Crawled caption data
'''

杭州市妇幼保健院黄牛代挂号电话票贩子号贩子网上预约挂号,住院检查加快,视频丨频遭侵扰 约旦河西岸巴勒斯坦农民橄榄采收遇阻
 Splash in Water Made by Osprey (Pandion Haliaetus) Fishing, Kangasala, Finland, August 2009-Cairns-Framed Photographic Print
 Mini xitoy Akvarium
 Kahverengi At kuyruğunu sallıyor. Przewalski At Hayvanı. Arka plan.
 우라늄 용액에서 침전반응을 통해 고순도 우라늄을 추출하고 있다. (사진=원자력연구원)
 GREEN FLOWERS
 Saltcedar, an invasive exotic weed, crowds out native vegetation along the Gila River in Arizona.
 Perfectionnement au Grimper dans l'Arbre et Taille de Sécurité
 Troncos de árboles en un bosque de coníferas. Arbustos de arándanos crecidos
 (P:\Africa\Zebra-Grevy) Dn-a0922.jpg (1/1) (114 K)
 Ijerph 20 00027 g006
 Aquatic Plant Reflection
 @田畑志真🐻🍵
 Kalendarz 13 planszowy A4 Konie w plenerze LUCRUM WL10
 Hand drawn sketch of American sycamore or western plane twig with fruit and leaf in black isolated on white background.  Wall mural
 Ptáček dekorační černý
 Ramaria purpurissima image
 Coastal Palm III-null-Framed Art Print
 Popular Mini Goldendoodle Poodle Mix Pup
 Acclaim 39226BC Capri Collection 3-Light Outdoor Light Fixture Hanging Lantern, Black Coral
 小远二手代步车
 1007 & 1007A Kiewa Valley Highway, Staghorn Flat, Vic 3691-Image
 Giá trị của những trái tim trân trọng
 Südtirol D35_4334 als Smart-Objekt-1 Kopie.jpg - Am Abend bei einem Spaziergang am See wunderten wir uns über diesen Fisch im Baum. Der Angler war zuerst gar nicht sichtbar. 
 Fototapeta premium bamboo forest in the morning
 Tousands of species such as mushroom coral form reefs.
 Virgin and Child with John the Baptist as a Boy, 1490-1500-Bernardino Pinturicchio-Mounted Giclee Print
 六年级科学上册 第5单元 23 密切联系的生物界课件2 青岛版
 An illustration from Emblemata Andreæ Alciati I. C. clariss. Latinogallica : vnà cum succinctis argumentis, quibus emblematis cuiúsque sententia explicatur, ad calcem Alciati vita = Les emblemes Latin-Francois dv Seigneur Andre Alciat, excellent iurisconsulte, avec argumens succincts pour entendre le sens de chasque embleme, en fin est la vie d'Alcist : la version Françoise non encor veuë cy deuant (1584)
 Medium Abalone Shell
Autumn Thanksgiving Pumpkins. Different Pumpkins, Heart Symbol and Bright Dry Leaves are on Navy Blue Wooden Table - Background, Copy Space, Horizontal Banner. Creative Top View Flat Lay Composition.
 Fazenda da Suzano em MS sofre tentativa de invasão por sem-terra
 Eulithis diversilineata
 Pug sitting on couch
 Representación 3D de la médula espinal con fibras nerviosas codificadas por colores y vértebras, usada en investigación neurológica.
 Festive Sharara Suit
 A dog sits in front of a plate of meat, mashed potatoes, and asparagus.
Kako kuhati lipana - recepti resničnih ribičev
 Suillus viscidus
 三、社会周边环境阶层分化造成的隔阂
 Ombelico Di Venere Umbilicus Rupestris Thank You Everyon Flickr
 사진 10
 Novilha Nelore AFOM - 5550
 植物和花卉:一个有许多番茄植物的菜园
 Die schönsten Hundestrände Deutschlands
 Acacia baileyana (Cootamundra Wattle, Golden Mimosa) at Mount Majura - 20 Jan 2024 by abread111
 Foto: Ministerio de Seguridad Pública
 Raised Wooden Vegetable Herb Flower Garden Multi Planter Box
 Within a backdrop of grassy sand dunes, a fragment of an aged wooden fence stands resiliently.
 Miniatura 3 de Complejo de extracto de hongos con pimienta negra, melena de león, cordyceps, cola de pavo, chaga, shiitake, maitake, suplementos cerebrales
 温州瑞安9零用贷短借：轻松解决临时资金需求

'''

▶ **Exercise details**:
For every line above that has "Flat" in it, copy the line.

▶ **Completed task**:
 1007 & 1007A Kiewa Valley Highway, Staghorn Flat, Vic 3691-Image
Autumn Thanksgiving Pumpkins. Different Pumpkins, Heart Symbol and Bright Dry Leaves are on Navy Blue Wooden Table - Background, Copy Space, Horizontal Banner. Creative Top View Flat Lay Composition.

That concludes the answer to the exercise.